Ariel (acrobat Jaime Verazin) oversees a terrific storm at the opening of "The Tempest." Photo by Ken Howard for Metropolitan Opera.
I know I'm late to the "Live from the Met in HD" party, but I had a great time Saturday afternoon at the simulcast of "The Tempest."
Along with a near-capacity crowd at the Showplace Icon movie theater in St. Louis Park, I was blown away by the powerful flow of music by the outspoken fortysomething British composer Thomas Adès. His opera based on the Shakespeare play is having its Met premiere, with Adès conducting and Simon Keenlyside singing Prospero.

British baritone Simon Keenlyside as Prospero and mezzo Isabel Leonard as his daughter, Miranda.

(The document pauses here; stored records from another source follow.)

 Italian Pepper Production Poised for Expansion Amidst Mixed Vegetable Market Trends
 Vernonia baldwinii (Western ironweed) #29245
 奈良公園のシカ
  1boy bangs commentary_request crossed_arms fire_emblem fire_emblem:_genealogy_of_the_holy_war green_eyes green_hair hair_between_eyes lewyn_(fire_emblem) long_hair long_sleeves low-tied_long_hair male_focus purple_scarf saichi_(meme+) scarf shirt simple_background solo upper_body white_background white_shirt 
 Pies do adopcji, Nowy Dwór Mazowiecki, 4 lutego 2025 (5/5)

At $26, this is a great deal. Not only do you save the airfare to New York, hotel and pricey Met ticket, you also get all kinds of closeups and behind-the-scenes access that you would never get attending the performance in person. Plus, it's still a live show. Accustomed to seeing movies filmed and edited months or years ago, it's an odd feeling to see an opera on the big screen and realize that if a singer were to fall off a chandelier in New York at the Saturday matinee, we would see it in St. Louis Park.

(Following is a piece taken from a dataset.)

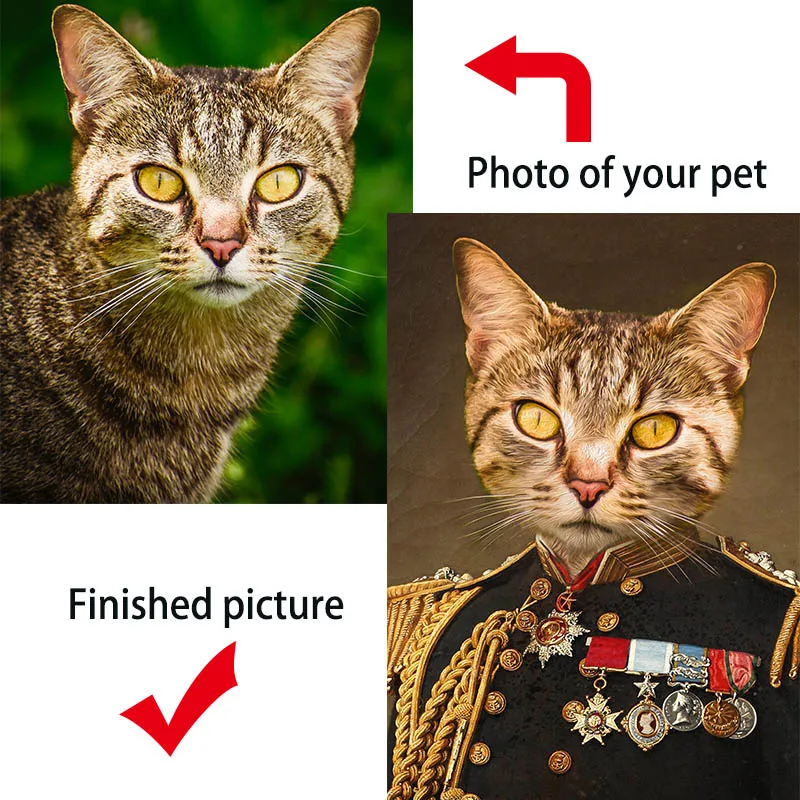 Фотография животных в ретро стиле 
Фотография животных в ретро стиле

The production starts with a bang. Adès brings the musical storm within seconds of the opening bars of the overture, and the sprite, Ariel (a body double) does acrobatics on a violently swaying chandelier. The shipwreck survivors float in a wave-tossed fabric sea and wash up on the island where the usurped Prospero and his daughter have been marooned for a dozen years. Standouts in the cast include Alan Oke (a frightening Caliban), Isabel Leonard (a gorgeous, clear-voiced young Miranda) and Audrey Luna, whose vocal parts as Ariel are written in a ridiculously high range that is almost beyond comprehension as words.

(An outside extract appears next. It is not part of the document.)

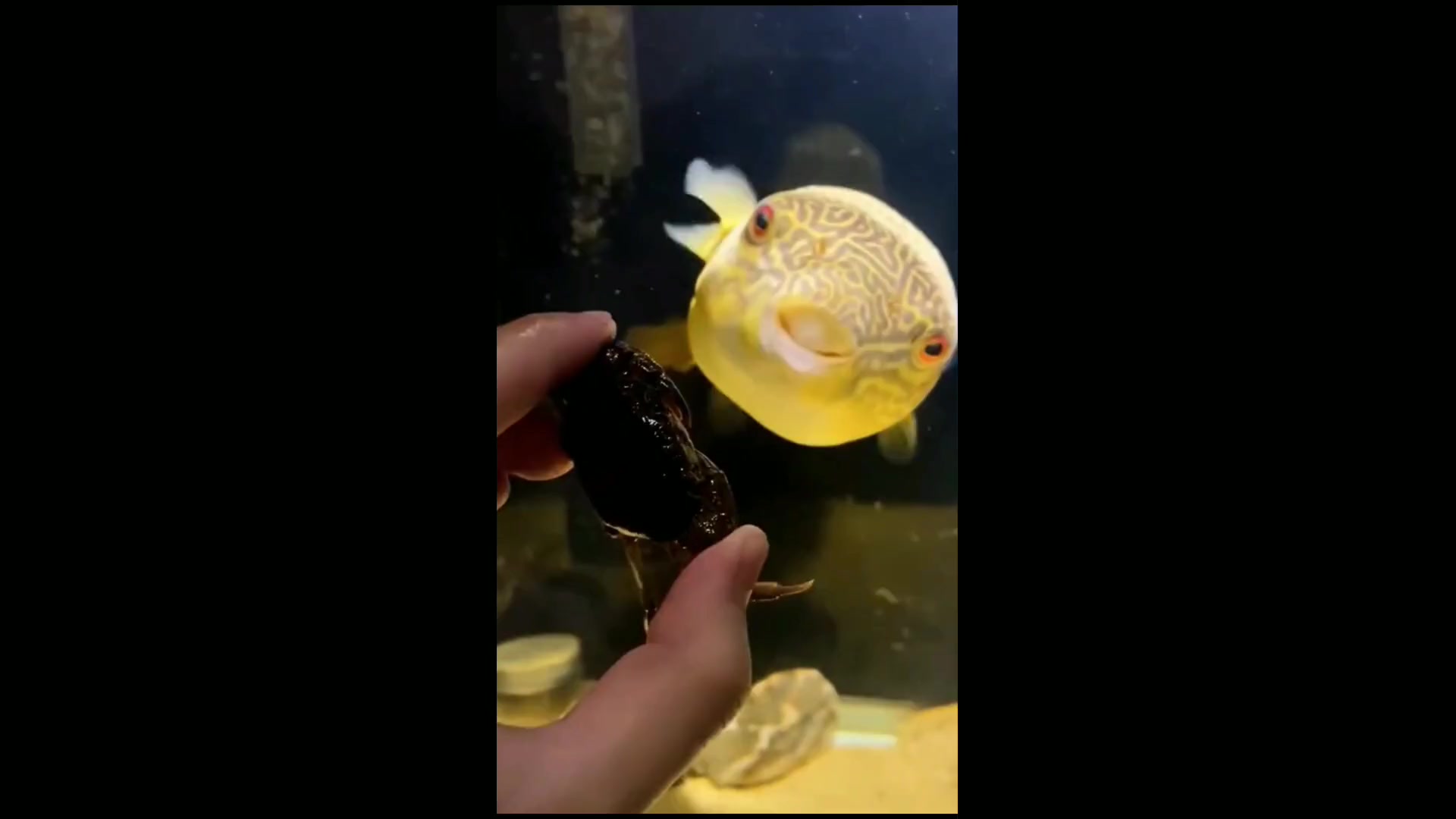 河豚鱼:凶猛又可爱的观赏鱼,互动性满分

The weak point for me is the precisely rhymed and metered couplets into which librettist Meredith Oakes forces Shakespeare's less obedient poetry. These couplets may simplify plot points and ease understanding, but they often veer into Dr. Seusslike territory, working against the sense of odd magic that should be in the air.
Robert Lepage creates lovely stage pictures with a relative scarcity of special effects. Ariel's ability to fly is handled by black-suited extras lifting her out of the lights. Projection, so overused these days, is employed just once, and to good effect, when Miranda and her beloved Ferdinand walk toward an ocean sunset to end the first half.